Recently Comex silver closed at $17.527 and gold at $1,294.0 per troy ounce. Good tidings for the New Year indeed.

Silver City, Silver Peak, The Vegas Silver Slipper, Tonopah’s Silver Queen – historically silver everywhere in the Silver State and not just in name. The earliest prospectors were delighted to find native silver lying above ground in Nevada. Then massive underground deposits of the Comstock Lode were discovered and made public in 1859. This bounty was followed by promising finds in the Reese River district and the enduring 1869 Eureka lead-silver boom. Other significant mining occurred in the Rochester, Pioche and Tonopah districts, with some operations extending well into the 20th century. The Coeur Rochester Mine in Pershing County is the only currently operating primary silver producer in Nevada producing more than 4 million troy ounces in 2015.

After Alaska, Nevada is still the nation’s second largest producer of silver with additional production coming as a byproduct of gold mining. In 2014, the largest by-producers were the Hycroft, Phoenix, Midas and Round Mountain mines. Nevada produced a total of 11 million troy ounces with 6.7 million coming from gold miners.
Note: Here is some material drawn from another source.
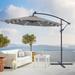 AOOLIMICS LED 10ft Offset Patio Hanging Umbrella,Market Umbrellas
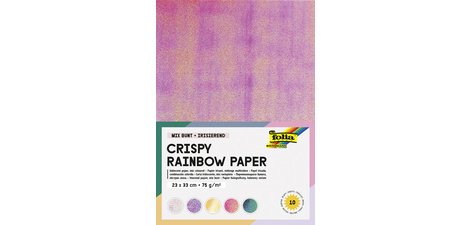 Papier irisé, 75 g/m2, 230 x 330 mm, 10 feuilles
Globally, silver is a significant byproduct of polymetallic mining too. Approximately 40 percent of production comes from lead-zinc mines and copper mines compared to a much smaller share from gold producers. World 2015 silver production ticked up 2 percent from 2014 as U.S. production fell 7 percent. On the supply side, we find our first ray of light. With mature zinc mines closing and copper producers reducing production worldwide, some analysts predict silver supply will tighten in 2016 – this could potentially favor Nevada gold miners with substantial silver output.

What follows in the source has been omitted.